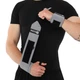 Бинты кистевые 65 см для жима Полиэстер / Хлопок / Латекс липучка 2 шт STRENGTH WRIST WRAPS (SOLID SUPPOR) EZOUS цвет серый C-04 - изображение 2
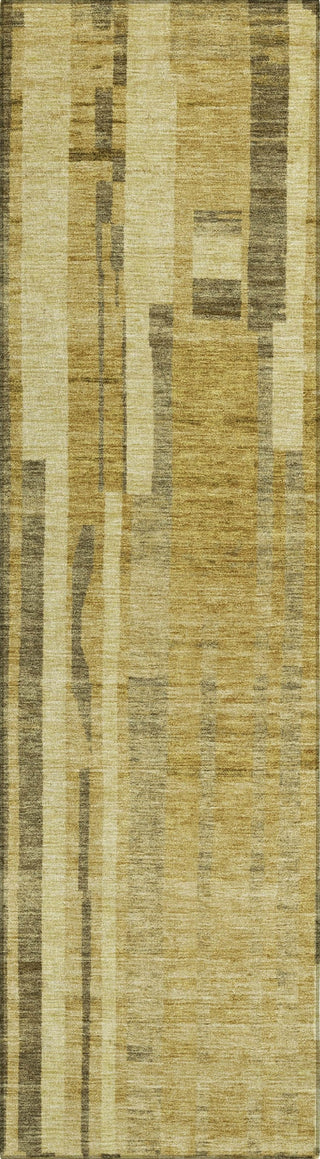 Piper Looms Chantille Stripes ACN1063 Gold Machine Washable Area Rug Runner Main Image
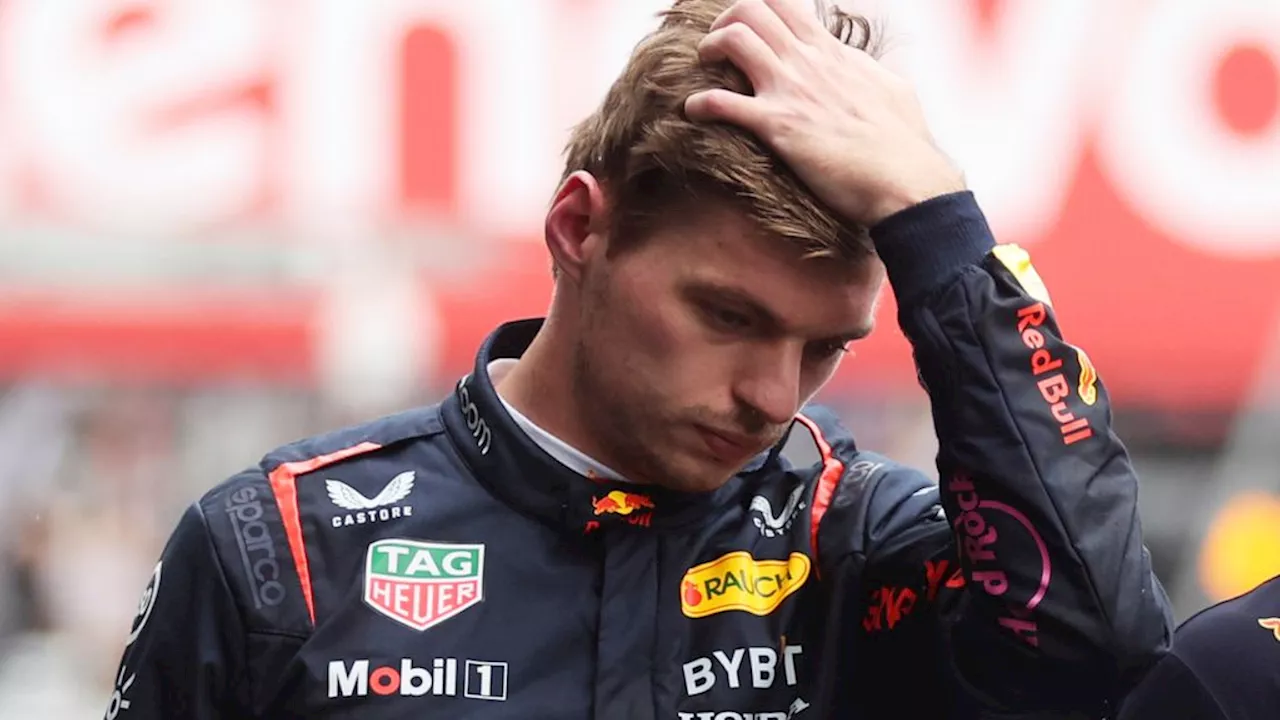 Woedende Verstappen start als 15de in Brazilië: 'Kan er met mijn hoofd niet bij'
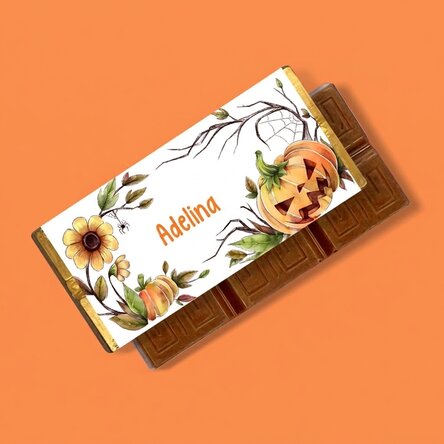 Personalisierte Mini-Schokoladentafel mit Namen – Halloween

(Work required) The expected output is the run of lines from the one containing "Piper Looms Chantille" to the last line of the listing above, both included, word for word and free of pictures.

(Answer box)
 Piper Looms Chantille Stripes ACN1063 Gold Machine Washable Area Rug Runner Main Image
 Woedende Verstappen start als 15de in Brazilië: 'Kan er met mijn hoofd niet bij'
 Personalisierte Mini-Schokoladentafel mit Namen – Halloween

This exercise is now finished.